Бандерівців карали найжорсткіше. Спогади радянського політв'язня
Як жилося жертвам тоталітарного режиму в СРСР
Мовою оригіналу
Первый мой год в лагере. Самый трудный, 1973. Я – привыкаю, избавляюсь от иллюзий и несбыточных надежд. По каким-то своим зэковским делам иду по зоне. Мимо старой, полуразобранной вахты для надзирателей. Обращаю внимание на лежащую на земле потолочную балку, подхожу ближе. На ней исполненная химическим карандашом надпись крупными буквами: «25 лет каторги, осталось 12, Максимов А. Гр.». Мой предшественник, сталинский узник. Выжил ли?
Старики-двадцатипятилетники, мои новые друзья, пояснили: на Урале было несколько политических лагерей.

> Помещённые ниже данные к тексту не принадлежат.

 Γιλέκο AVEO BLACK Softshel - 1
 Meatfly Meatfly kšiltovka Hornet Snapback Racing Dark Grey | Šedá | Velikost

Но конкретных сведений о них не осталось. Здесь не выживали
***
Мы все – политические узники. Даже полицаи и эссесовцы, служившие в карательных нацистских подразделениях. Не только белорусы, украинцы и русские, здесь и калмык, и двое эстонцев, несколько латышей и литовцев. Все – на пути исправления, следят за нами, антисоветчиками.
Исправно получают дополнительное питание в лагерном ларьке, дополнительные продуктовые посылки от семей. Их срок наказания невелик, всего лишь 15 лет. В отличие от большинства украинских партизан-бандеровцев и балтийских лесных братьев, кои наказаны 25-тью годами.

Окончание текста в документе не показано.